BEGIN PROVIDED RECORDS

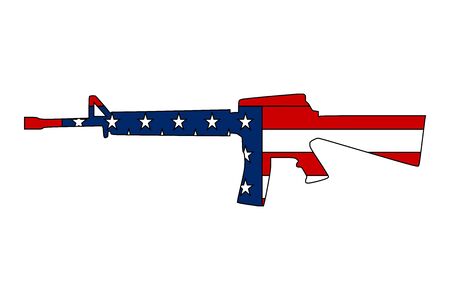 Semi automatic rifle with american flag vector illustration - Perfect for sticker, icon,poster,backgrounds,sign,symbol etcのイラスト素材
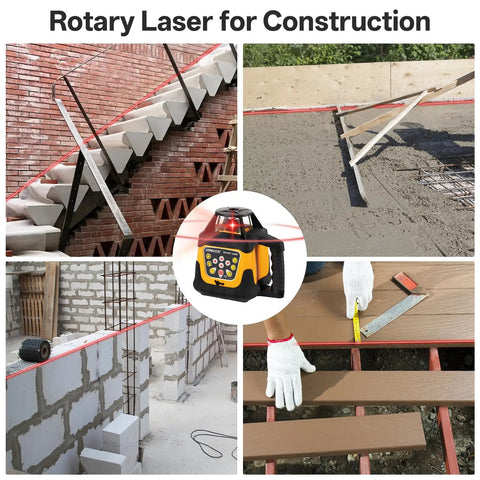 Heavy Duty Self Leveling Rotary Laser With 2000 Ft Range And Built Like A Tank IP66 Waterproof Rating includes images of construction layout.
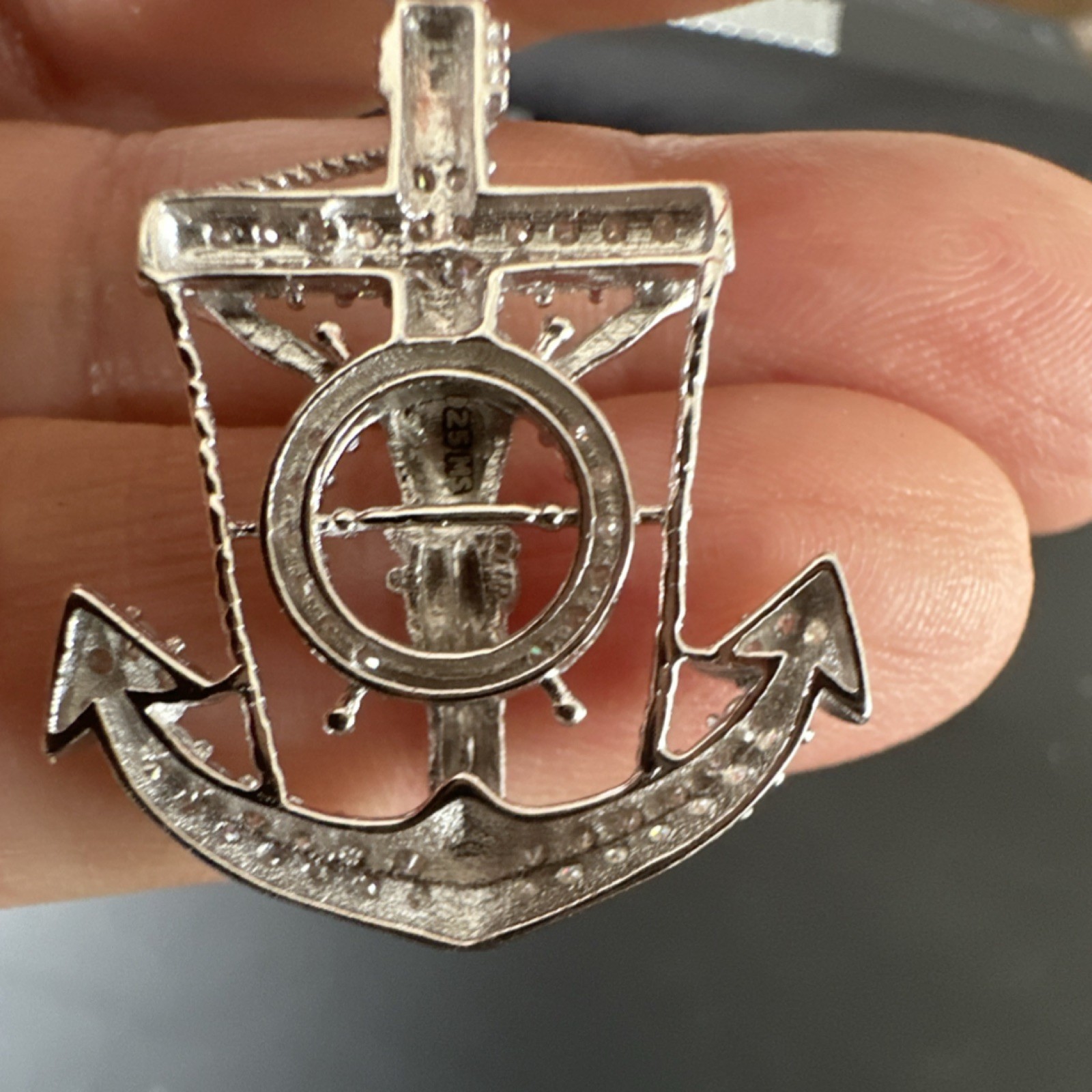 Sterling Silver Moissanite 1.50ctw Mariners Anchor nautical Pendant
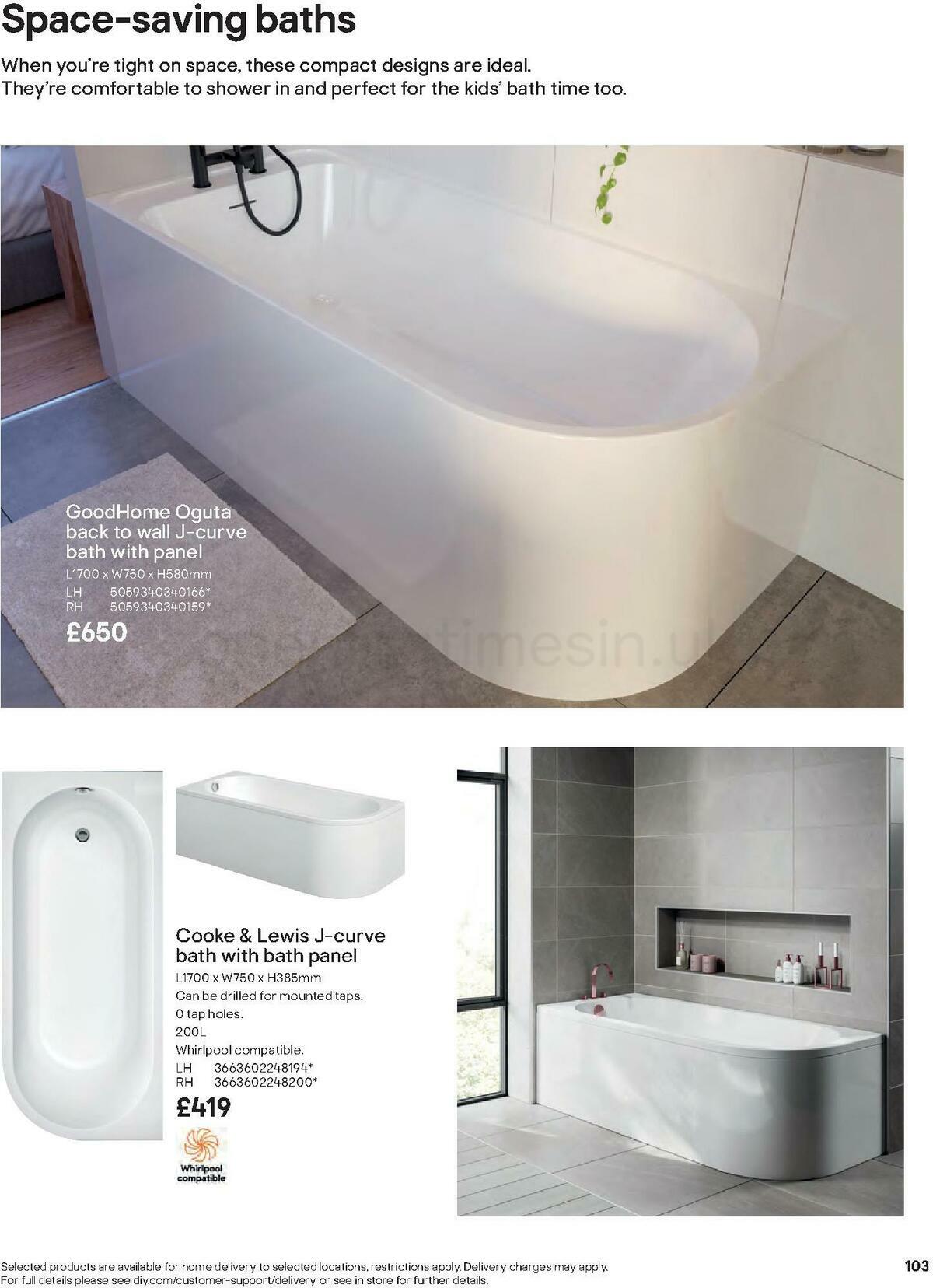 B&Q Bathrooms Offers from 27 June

END PROVIDED RECORDS
BEGIN PROVIDED RECORDS

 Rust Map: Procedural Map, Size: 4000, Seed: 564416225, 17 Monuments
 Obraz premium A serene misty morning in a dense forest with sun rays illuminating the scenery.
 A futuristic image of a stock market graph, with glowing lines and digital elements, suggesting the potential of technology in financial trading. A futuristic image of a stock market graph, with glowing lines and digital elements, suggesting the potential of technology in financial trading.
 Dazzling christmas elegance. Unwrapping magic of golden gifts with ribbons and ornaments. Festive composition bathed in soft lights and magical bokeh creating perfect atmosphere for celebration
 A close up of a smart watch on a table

END PROVIDED RECORDS

In the entries above, the lines from the one bearing "Dazzling christmas elegance." up to and including the one bearing "A close up of a smart watch on a table" should be transcribed exactly; no other line is wanted.

__EXERCISE ANSWER__
 Dazzling christmas elegance. Unwrapping magic of golden gifts with ribbons and ornaments. Festive composition bathed in soft lights and magical bokeh creating perfect atmosphere for celebration
 A close up of a smart watch on a table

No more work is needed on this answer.